Following Dani (Samantha Stewart), a distressed and overwhelmed woman who seeks refuge from the untimely death of her mother and a recent rocky break-up with her apparently married boyfriend, whose wife now seems to be stalking her. She ventures out to sunny California to visit her cousin Stacy (Ruth Reynolds), for a vacation filled with non stop partying and stress relief. As her vacation goes on, Dani begins to see and feel some unsettling and arguably malevolent vibes from her cousin’s house which eventually culminate in a dimensional gap thrusting her into the depths of hell. Here she is faced with depraved demons, strange apparitions, and terrifying savagery, as she is coached through the endeavor by an unidentified camera operator, whose whispy voice challenges her to soldier on to her disparaging fate, which sees her come face to face with Lucifer himself.
What’s interesting about Costabile’s VooDoo, is that, while classified as found footage, it’s not shot that way. Contrarily, this film spends a lot of time utilizing more conventional camera work, with loads of steadicam operation. In fact, the more conventional sequences are what save this movie from being almost intolerable. With an interesting premise, the lead in is difficult to get through to say the least. The dialogue is clunky and strangely delivered, and Stewart’s struggles with her supposed Louisiana accent seriously hamper any enjoyment that could have been discerned from the first 45 minutes. Though even with her inability to spew a whole sentence without messing up the twang, Stewart is surprisingly effective as the damsel and as the surrogate for the audience. Her co-star Ruth Reynolds is well served but under utilized, in a role that reduces her to little more than sidekick for most of the film.

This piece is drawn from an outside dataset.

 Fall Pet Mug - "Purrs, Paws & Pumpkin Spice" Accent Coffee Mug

The problem is in the pacing, which sees this story produce scene after scene of vapid and obtusely narrated exchanges, which even feature an extremely puzzling, gratuitous cameo by Ron Jeremy. After almost an hour of meandering valley girl dramatics, and randomly fleeting venomous imagery, the urge to raise the white flag and just walk away from this altogether is quite strong. Then it happens, VooDoo takes a hard, and I mean hard, left turn. Dani is sucked into hell and what we get in the final thirty minutes is some of the most ballsy and ambitious filmmaking you’ll stumble across. Costabile does his damnedest to subject the audience to a bevy of psychologically damaging brutality that sees cannibalism of newborns, rape, sodomy and a multitude of surreal ritualistic dismemberment.

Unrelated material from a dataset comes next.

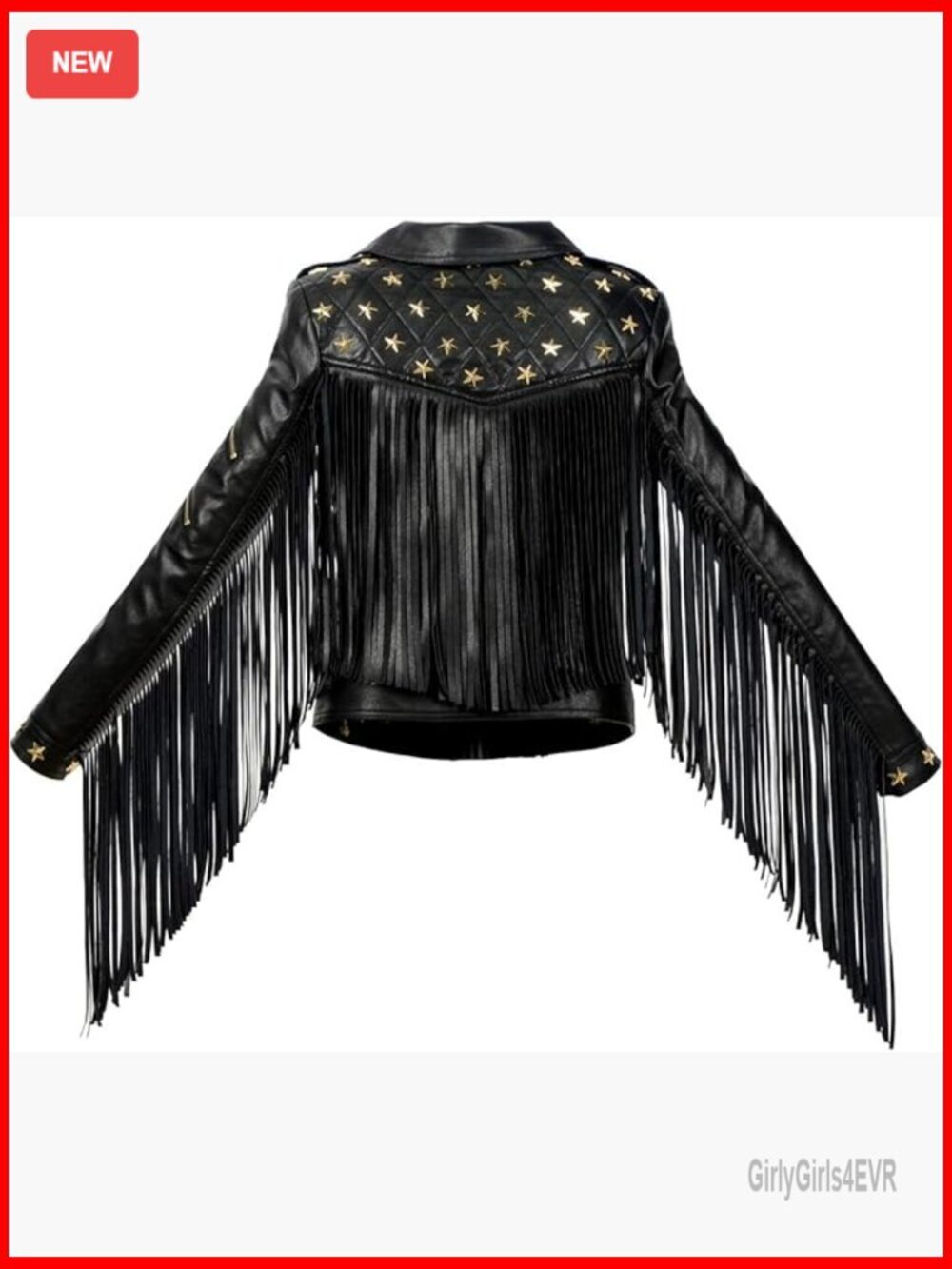 Faux Leather Biker Jacket with Tassels and Rivets, Slim Fit, Long Sleeve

This becomes an entirely different film, and the contrast is so jarring you pretty much lose sight of the fact that the first two thirds of this movie, is insufferable, which when you reflect on it, might have been a stroke of pure genius. Costabile works with excellent practical effects to make his version of hell, seemingly inspired by Dante’s Divine Comedy, come to life. Dani is forced to travel through different levels, fun house style, each with their own insane brand of torture, which comes to a head in one of the most depraved and sadistic ways.

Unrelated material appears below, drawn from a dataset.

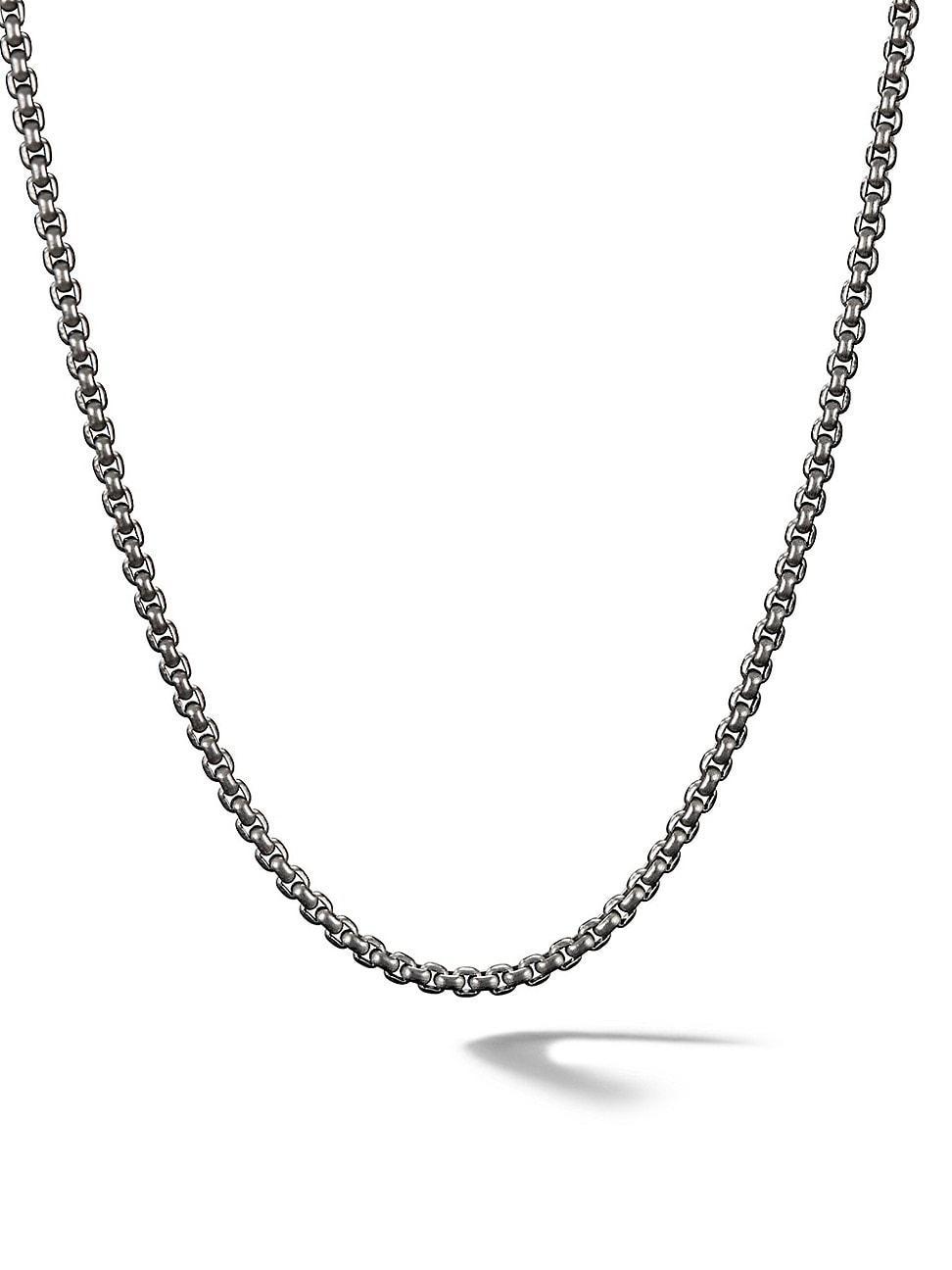 Mens Sterling Silver & Titanium Box Chain Necklace Product Image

There is no reprieve once the the camera plunges into the dark abyss, which makes this so difficult to apprehend. The pacing early on may force the target audience to walk away before they reach the payoff, but for some unsuspecting individuals, who may be expecting something more moderate, they are in for one seriously rude awakening. Either way, this is one commendable effort by Costabile and his cast, who manage to do a complete 180 degree turn and deliver one hell of a final act. While VooDoo has some glaring weaknesses, some awful dialogue, and one really bad accent, it is still a uniquely satisfying venture for horror nuts. This would have been better served if it had dropped the found footage gimmick altogether, because the story is actually quite strong in spite of some plot holes, but there is simply no denying the effectiveness of this absolutely baths*t crazy movie.
3.25/5 Not Bad Bro
Voodoo is set to for limited release and VOD tomorrow 2/24. You will be able to rent/purchase it on virtually all streaming platforms on that date.